Records from a dataset
——
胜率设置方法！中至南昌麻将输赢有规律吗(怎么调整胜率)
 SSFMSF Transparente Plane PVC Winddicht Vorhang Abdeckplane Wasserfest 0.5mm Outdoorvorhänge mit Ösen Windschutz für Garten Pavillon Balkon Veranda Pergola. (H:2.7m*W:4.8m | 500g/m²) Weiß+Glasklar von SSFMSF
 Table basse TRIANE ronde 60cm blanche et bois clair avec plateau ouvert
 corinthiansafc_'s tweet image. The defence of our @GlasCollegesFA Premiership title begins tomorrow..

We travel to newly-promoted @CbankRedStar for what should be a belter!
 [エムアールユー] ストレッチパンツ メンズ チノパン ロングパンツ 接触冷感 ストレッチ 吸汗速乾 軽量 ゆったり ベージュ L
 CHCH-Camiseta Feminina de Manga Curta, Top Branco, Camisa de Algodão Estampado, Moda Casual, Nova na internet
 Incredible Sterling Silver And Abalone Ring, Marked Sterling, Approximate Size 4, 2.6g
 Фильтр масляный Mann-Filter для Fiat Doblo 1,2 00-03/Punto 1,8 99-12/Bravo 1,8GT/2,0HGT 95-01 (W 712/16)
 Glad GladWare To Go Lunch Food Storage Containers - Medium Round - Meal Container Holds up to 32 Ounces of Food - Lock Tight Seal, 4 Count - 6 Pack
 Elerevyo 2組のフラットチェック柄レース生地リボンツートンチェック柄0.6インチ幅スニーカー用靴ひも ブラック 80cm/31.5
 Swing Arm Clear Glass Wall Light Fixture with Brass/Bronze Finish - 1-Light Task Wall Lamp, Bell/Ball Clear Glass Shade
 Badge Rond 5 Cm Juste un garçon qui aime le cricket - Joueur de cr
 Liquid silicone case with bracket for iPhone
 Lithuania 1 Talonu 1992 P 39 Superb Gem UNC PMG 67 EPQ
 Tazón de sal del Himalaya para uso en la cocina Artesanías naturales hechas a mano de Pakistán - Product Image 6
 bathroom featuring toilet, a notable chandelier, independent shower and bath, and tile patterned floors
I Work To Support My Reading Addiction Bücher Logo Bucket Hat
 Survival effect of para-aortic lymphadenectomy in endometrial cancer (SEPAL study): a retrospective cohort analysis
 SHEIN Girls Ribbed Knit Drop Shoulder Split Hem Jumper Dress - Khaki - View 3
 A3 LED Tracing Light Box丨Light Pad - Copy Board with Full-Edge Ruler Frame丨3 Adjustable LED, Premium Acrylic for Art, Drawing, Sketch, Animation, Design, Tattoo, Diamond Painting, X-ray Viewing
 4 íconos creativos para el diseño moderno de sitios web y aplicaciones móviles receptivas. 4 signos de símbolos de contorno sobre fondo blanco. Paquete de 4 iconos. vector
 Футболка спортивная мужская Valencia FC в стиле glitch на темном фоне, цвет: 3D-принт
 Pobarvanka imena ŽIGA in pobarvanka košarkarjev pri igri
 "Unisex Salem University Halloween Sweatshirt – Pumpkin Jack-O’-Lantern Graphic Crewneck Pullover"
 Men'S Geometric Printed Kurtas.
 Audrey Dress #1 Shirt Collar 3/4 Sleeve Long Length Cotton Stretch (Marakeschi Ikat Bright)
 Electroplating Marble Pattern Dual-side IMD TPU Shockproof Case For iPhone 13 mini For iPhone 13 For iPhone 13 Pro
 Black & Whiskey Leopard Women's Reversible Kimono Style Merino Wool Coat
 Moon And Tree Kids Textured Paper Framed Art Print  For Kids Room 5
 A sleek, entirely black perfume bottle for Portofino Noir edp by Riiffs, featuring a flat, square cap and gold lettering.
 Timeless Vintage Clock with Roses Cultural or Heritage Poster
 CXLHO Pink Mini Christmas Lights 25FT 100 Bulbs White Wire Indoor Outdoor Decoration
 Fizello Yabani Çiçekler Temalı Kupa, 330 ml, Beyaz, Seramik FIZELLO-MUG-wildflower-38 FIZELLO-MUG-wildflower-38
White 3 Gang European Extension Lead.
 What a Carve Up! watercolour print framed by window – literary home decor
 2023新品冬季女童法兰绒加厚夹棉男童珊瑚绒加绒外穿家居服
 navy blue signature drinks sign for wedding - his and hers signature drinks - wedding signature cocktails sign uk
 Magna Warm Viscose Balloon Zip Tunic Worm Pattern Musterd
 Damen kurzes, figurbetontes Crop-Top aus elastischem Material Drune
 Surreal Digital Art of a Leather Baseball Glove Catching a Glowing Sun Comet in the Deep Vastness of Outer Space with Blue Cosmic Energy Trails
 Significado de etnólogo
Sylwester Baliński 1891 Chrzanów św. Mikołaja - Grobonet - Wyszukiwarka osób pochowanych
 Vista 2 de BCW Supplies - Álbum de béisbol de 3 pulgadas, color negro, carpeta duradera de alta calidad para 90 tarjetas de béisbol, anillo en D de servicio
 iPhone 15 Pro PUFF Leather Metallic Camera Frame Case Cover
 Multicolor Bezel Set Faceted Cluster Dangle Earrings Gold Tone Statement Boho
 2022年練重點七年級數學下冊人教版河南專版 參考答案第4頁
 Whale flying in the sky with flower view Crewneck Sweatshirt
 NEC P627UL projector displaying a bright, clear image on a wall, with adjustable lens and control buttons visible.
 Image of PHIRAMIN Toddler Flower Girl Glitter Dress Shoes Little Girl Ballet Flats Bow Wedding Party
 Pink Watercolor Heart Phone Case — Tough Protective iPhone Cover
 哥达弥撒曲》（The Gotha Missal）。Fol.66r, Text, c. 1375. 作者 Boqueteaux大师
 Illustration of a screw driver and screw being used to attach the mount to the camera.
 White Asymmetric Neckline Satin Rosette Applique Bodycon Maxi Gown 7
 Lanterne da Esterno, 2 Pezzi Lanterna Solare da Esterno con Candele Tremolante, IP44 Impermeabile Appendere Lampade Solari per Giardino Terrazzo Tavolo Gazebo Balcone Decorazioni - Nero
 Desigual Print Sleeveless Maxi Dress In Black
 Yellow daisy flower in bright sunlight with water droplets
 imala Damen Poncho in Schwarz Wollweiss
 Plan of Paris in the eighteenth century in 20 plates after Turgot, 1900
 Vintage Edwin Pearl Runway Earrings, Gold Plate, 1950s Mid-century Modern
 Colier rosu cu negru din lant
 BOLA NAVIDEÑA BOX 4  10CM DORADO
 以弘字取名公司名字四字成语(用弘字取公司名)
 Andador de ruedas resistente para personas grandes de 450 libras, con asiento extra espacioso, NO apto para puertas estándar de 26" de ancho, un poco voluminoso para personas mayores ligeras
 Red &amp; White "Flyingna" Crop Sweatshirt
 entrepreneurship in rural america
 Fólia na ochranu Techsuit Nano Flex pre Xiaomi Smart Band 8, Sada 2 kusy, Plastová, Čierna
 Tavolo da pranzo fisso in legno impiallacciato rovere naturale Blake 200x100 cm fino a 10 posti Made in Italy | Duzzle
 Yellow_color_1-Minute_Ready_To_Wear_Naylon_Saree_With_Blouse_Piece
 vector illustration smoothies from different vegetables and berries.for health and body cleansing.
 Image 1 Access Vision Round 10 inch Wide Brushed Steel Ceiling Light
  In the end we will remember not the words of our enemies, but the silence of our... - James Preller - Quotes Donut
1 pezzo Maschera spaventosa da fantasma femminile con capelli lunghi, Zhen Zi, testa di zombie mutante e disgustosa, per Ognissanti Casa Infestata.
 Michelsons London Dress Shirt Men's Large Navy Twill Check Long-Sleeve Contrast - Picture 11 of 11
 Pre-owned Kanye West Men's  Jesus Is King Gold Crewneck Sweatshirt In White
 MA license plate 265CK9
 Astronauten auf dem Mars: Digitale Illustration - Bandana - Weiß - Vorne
——
● **Your task**: Exact copies of the lines from the one containing "imala Damen Poncho in Schwarz Wollweiss" through the final line of the records are all the answer should hold.

● **Answer box**:
 imala Damen Poncho in Schwarz Wollweiss
 Plan of Paris in the eighteenth century in 20 plates after Turgot, 1900
 Vintage Edwin Pearl Runway Earrings, Gold Plate, 1950s Mid-century Modern
 Colier rosu cu negru din lant
 BOLA NAVIDEÑA BOX 4  10CM DORADO
 以弘字取名公司名字四字成语(用弘字取公司名)
 Andador de ruedas resistente para personas grandes de 450 libras, con asiento extra espacioso, NO apto para puertas estándar de 26" de ancho, un poco voluminoso para personas mayores ligeras
 Red &amp; White "Flyingna" Crop Sweatshirt
 entrepreneurship in rural america
 Fólia na ochranu Techsuit Nano Flex pre Xiaomi Smart Band 8, Sada 2 kusy, Plastová, Čierna
 Tavolo da pranzo fisso in legno impiallacciato rovere naturale Blake 200x100 cm fino a 10 posti Made in Italy | Duzzle
 Yellow_color_1-Minute_Ready_To_Wear_Naylon_Saree_With_Blouse_Piece
 vector illustration smoothies from different vegetables and berries.for health and body cleansing.
 Image 1 Access Vision Round 10 inch Wide Brushed Steel Ceiling Light
  In the end we will remember not the words of our enemies, but the silence of our... - James Preller - Quotes Donut
1 pezzo Maschera spaventosa da fantasma femminile con capelli lunghi, Zhen Zi, testa di zombie mutante e disgustosa, per Ognissanti Casa Infestata.
 Michelsons London Dress Shirt Men's Large Navy Twill Check Long-Sleeve Contrast - Picture 11 of 11
 Pre-owned Kanye West Men's  Jesus Is King Gold Crewneck Sweatshirt In White
 MA license plate 265CK9
 Astronauten auf dem Mars: Digitale Illustration - Bandana - Weiß - Vorne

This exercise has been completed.